Referring now to FIG. 2, a side view of an exemplary layout of the components for the power generation system 10 is shown. The flywheel 21 is mounted on flywheel support blocks 55. As can also be seen in FIG. 3, the flywheel shaft 22 is supported on bearings 56 that are connected to a mounting surface of the support blocks 55. In the described embodiment, the bearings are one inch saddle bearings with case hardened rollers. The generators 36, 37 (37 not shown in FIG. 2) are set on support platforms 39 on a bottom reference surface 15. The start motors 26 are set on a start motor platform 67 supported by legs 65. The platform 67 aligns the start motor output shaft 49 and centrifugal clutch 29 above the flywheel shaft 22 as can be seen best in FIG. 3. The drive motors 48 and electric clutches 28 are set upon the reference surface 15.
FIG. 3 is a rear cross section view of the power generation system 10. As can be seen best in this figure, both the start motor belt 51 and the drive motor belt 53 are arranged in a delta configuration. The start motor belt 51 is driven by both start motors 26 through the centrifugal clutches 29 and drives the start pulley 64 on the flywheel shaft 22. The drive motor belt 53 is driven by both drive motor shafts 27 through electric clutches 28 and drives the drive belt pulley 66.
Referring now to FIG. 4, an electrical schematic of the power generation system is presented. As already discussed, the control module 79 senses the electrical power generated by the generators 36, 37. In addition, the control module displays the amount of electrical power being generated by the electrical generators on gauges 79a, 79b. The control module 76 includes a start switch 80 that is closed to start the system. The start switch energizes a coil 84a in a battery contactor 84 along a power path 93. When the coil 84a is energized, a switch 84c closes. With the switch 84c closed, the battery contactor 84 is in a condition in which battery power from the battery module 76 can flow through the contactor 84 to the power inverter 77 and step up transformer 78 on the power path 95a. The power flowing through the power inverter on power path 95a is monitor by a power control sensor 86. When the power control sensor senses a sufficient amount of power to run the start motors, a coil 91c in a start control contactor 91 is energized on power path 95b. The energized coil 91c actuates switches 91a, 91b in the start control contactor 91 to connect the power path 95a to a power path 95c to provide power to the start motor 26.
Once the start motors 26 spin the flywheel (not shown in FIG. 4) and the generators, the generators will begin generating power. Two coils 83a, 83b in the generator sensor 83 are energized by the output of the primary generator 36. When the coils 83a, 83b are energized, a switch 83c in the generator sensor closes. When the switch 83c closes, a coil 84b in the battery contactor is energized along a power path 92, opening the switch 84c in the battery contactor to disconnect the power path between the battery module 76 and the start motors 26. The start motors are thus disconnected from power and will lose output shaft speed. Once the shaft speed falls below 2000 RPM, the centrifugal clutches 29 will disengage and the start motors are disconnected from the flywheel. In this manner, if the primary generator is generating rated power, then the battery contactor 84 will prevent the flow of power between the battery module 76 and the start motors are disconnected from the flywheel.

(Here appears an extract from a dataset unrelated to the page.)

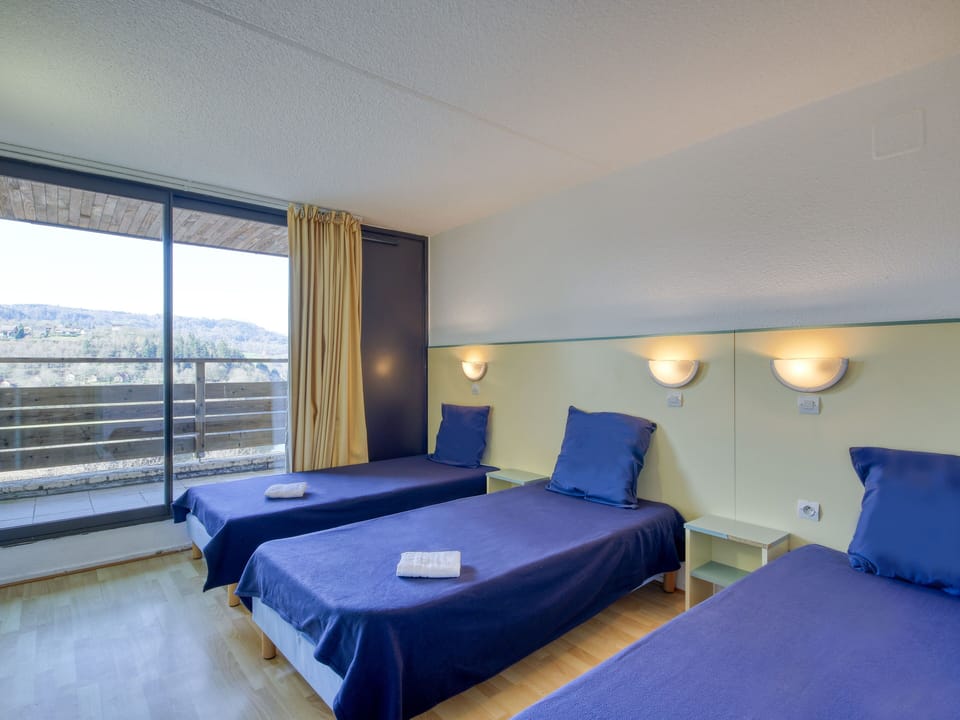 Three single beds with fresh linen — unwind after a day at the beach, just 200m away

When the primary generator is generating rated power, the coil 83b is energized and in turn energizes a coil 81a along a power path 88. The coil 81a is part of the drive control contactor 81. When the coil 81a is energized, another coil 81c becomes energized which provides power along power path 99a to the control module 79 to indicate that the primary generator is generating rated power. When the control module 79 receives this signal, the control module powers the electric clutches 28 via power outputs 128 to connect the output shaft of the drive motor 48 to the flywheel. The signal on power path 99a is branched to a power path 99b that provides power to the charging circuit 82 that charges that batteries in the battery module 76. In addition, when the coil 81a is energized, switches 81b, 81d in the drive control contactor 81 are closed to connect power from the primary generator 36 to the drive motor along a power path 96. In this manner, when the primary generator is generating rated power, the generator sensor 83 causes power to be supplied to the drive motor and provides a signal to the control module to engage the electric clutches on the drive motors.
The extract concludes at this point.